I get a local Council newsletter which usually includes something from our Director of Public Health. Always the reminders about what distancing measures are required, what guidance is in place locally. And a reminder that although prevalence here is comparatively low, it is rising and much of that relates to the two local universities.
This week I was particularly struck by one paragraph he’d written. It seems to distill everything we need to be doing to help keep ourselves and our communities safe – it’s not about sticking slavishly to rules because they’re there, its about taking individual responsibility for our actions.
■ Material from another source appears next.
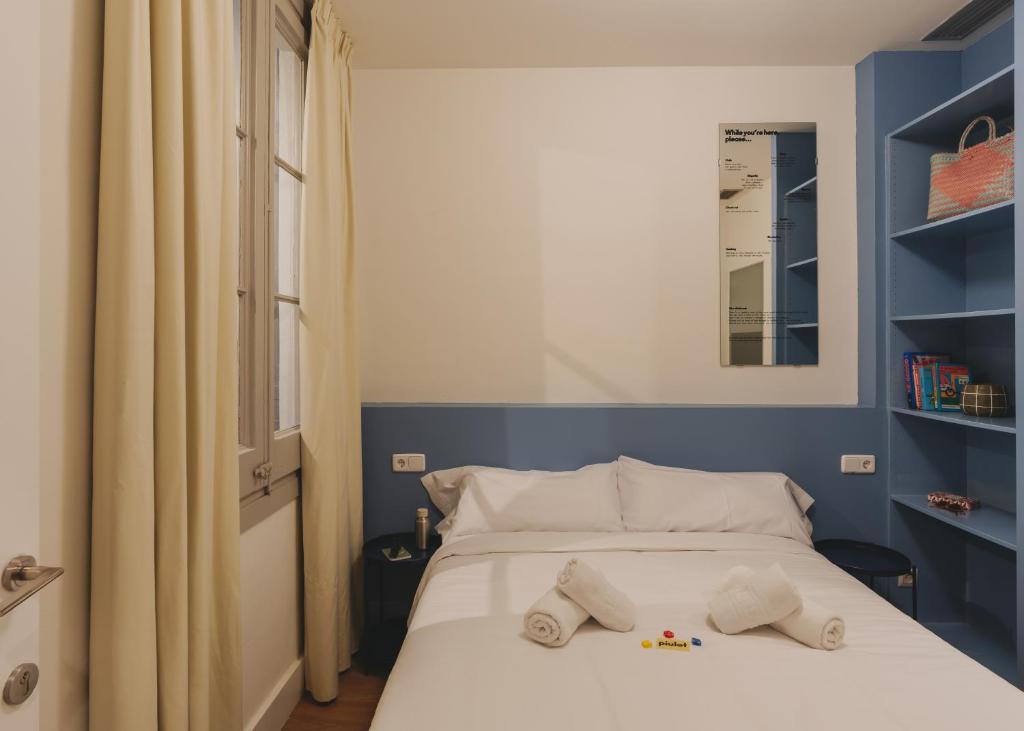Postel nebo postele na pokoji v ubytování Piulet Hostel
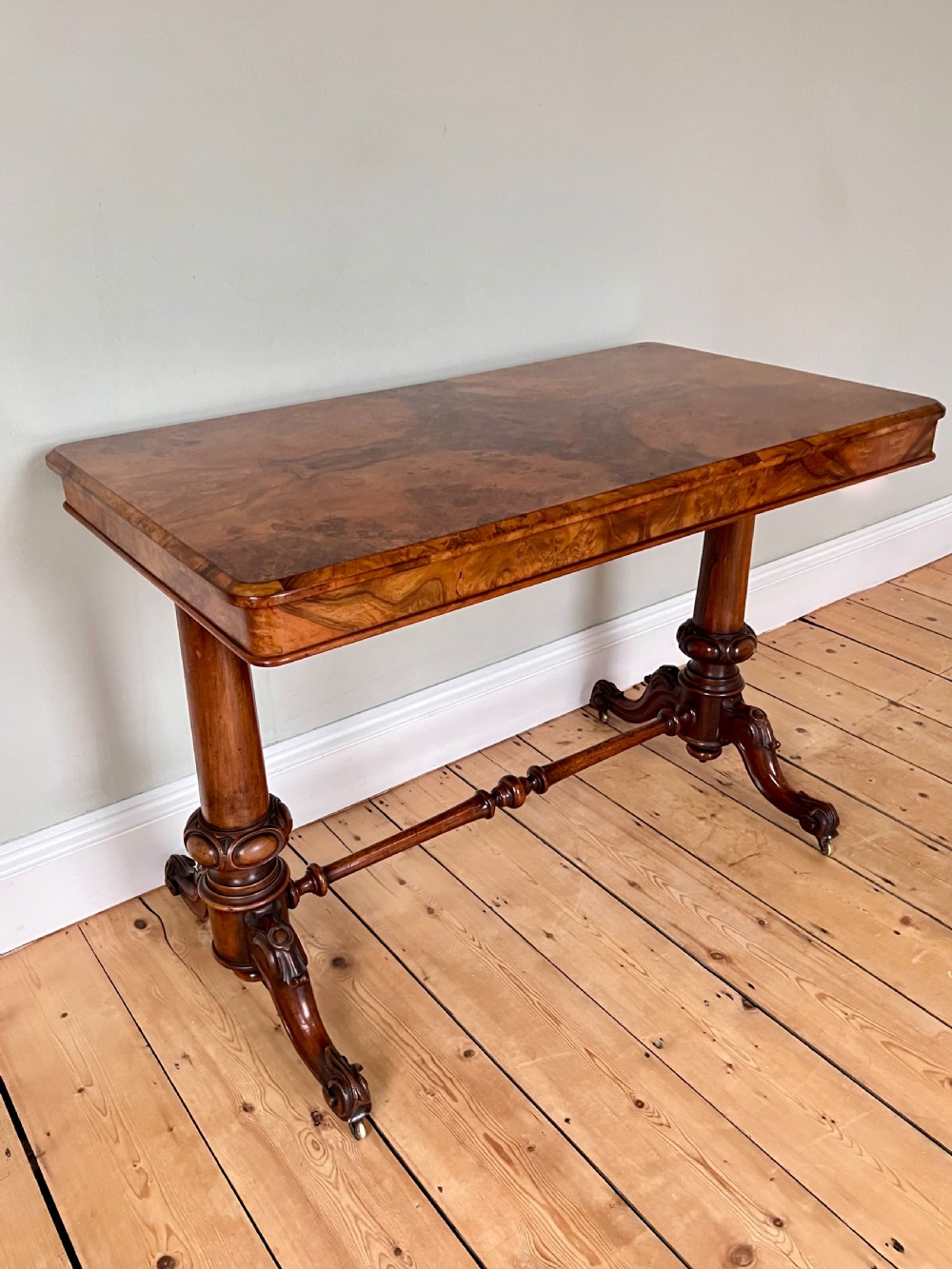 A Victorian burr walnut occasional table featuring a highly figured wood grain top, dual turned pedestals connected by a stretcher, and carved splayed legs on brass castors. View VII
Our answers to his questions may not always be the same, but the act of asking ourselves and answering the questions will always be important.
“Please ask yourself, whenever you are mixing with others or going out, is this necessary? Is this safe? Is the benefit worth the risk to me and to others?”
We’re taking the self isolation instruction seriously and are sticking to it. More than ever we appreciate our fortunate position: we have plenty of food in the house, and we aren’t going to struggle financially (unlike those who live on the financial knife-edge of low pay or benefits). Both of us feel well. We have more than enough to keep ourselves occupied, and we enjoy our own and each others company. We have good neighbours to call on if there’s anything we need.
We’re looking forward to being allowed out again on Monday. And in the meantime, jobs are being jobbed that have sat around waiting for A Very Long Time.